A senior Turkish official said the three bombers were from Russia, Uzbekistan and Kyrgyzstan. The official gave no further details. Forensics teams had earlier struggled to identify the bombers from their limited remains.

The pro-government Yeni Safak newspaper said the Russian bomber was from Dagestan, which borders Chechnya, where Moscow has led two wars against separatists and religious militants. The Hurriyet newspaper named him as Osman Vadinov and said he had come from Raqqa, the heart of Islamic State-controlled territory in Syria.

The Russian interior ministry said it was checking information about Vadinov. A spokesman for Kyrgyzstan’s state security service said it was investigating, while the Uzbek security service had no immediate comment.

Thousands of foreign fighters have crossed Turkey to join IS in Syria and Iraq. Turkey tightened security on the border but has argued it needs more information from foreign intelligence agencies to intercept the fighters.

Yeni Safak said the organiser of the attack was suspected to be a man called Akhmed Chatayev, of Chechen origin. Chatayev is identified on a UN sanctions list as a leader in Islamic State responsible for training Russian-speaking militants.

Turkey has suffered a string of deadly attacks in the past year blamed on either IS or Kurdish rebels, and the airport attack comes just at the start of the crucial summer tourist season.

‘Rifles in suitcases’

Details emerged of how the attackers arrived at Turkey’s busiest airport by taxi before indiscriminately firing at passengers with automatic rifles and detonating suicide bombs.

“The terrorists failed to pass through the regular security system, scanners and police control,” Prime Minister Binali Yildirim told reporters late on Wednesday. “They returned and came back with long-range rifles they took out from their suitcases, and passed the security control by opening fire randomly at people,” he said.

“One of them blew himself up outside and the other two took advantage of the panic during the opening of the fire, entered inside and blew themselves up.”

A senior source close to the presidency gave a slightly different version of events, saying two attackers blew themselves up on separate floors of the airport before the third followed suit outside.

CCTV footage widely circulated on social media showed a huge ball of flame erupting at the entrance, scattering terrified passengers.
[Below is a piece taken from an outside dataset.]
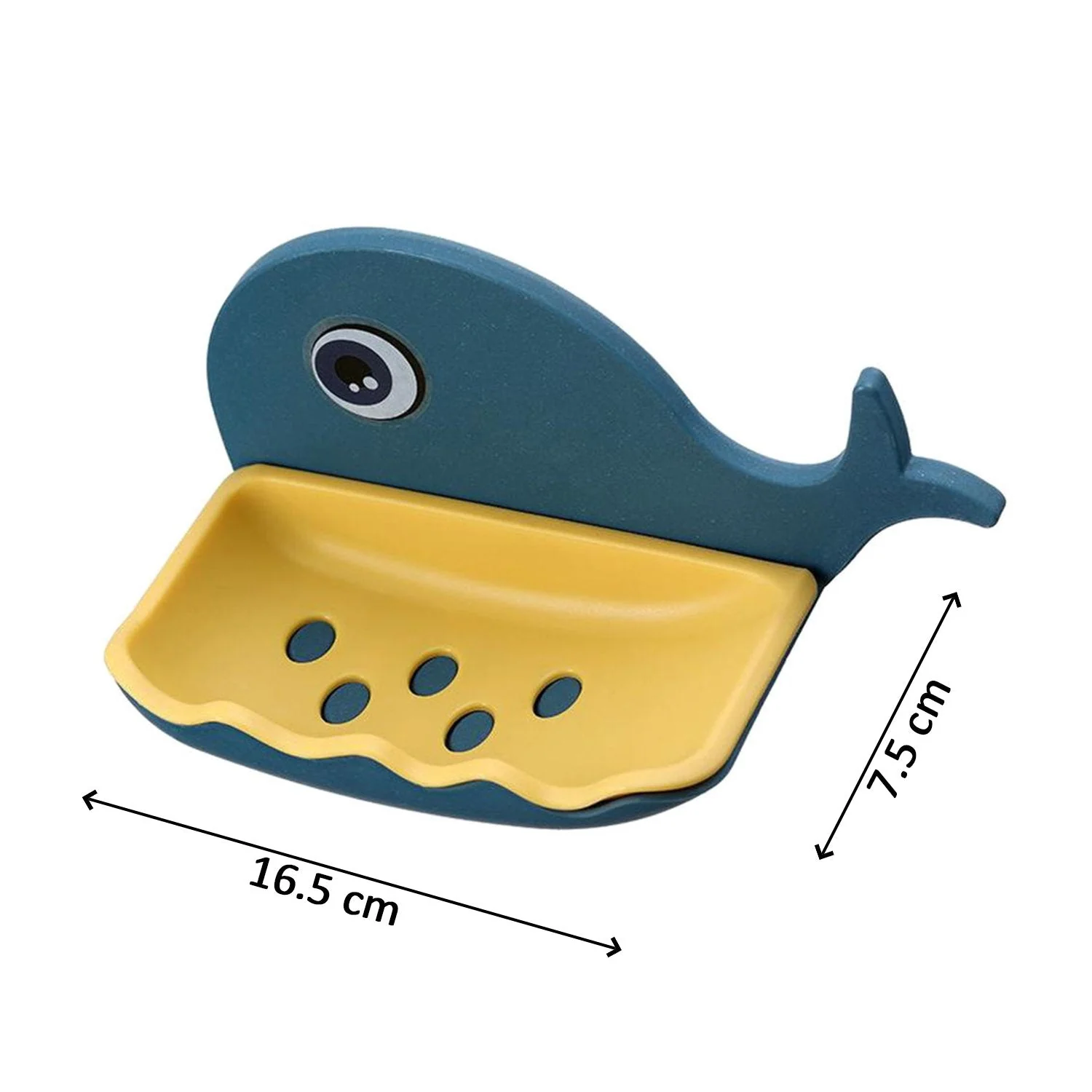 Fish Shape Soap Dish – Wall Mounted, Drainage | VelvetBubbles (Pack of 2) - Image 5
Another video showed a black-clad attacker running inside the building before collapsing to the ground – apparently felled by a police bullet – and blowing himself up.

The victims include several Saudis, a Chinese national, a Tunisian and a Ukrainian.

Security lapse?

Authorities are under pressure to convince visitors that Turkey is still safe, as the vital tourism industry has taken a heavy hit from a string of deadly attacks in the past year.

Ege Seckin, an analyst at IHS Country risk, said the attack was “most likely conducted by the Islamic State to undermine the Turkish economy by attacking the airport ahead of the summer months, when tourism peaks”.

Yildirim said Turkey would “increase the presence of specially-trained staff” at the nation’s airports.

He moved swiftly after the bombings to deny there had been any lapse in security, but many Turks have been angered by the perceived failure to stop the bombings.

“It was an airport,” one man could be heard shouting outside an Istanbul morgue on Wednesday, as devastated families went to collect the bodies of loved ones.

“It’s not like this happened in the street.”

The opposition Cumhuriyet newspaper expressed anger at what it said was a failure by the nation’s leaders to take political responsibility for the attack. “Is there anyone to resign?” it asked, pointing out that after the IS bombings at Brussels airport and a metro station in March, three Belgian ministers offered their resignation.

Turkey has suffered at least five attacks blamed on IS jihadists, including a blast in Ankara in October that left over 100 dead, the worst in the country’s modern history.

In January, a bombing in the heart of Istanbul’s tourist district, also blamed on IS, killed a dozen German visitors.

Two months later, three Israelis and an Iranian were killed in another attack attributed to the jihadists on the city’s main Istiklal shopping street.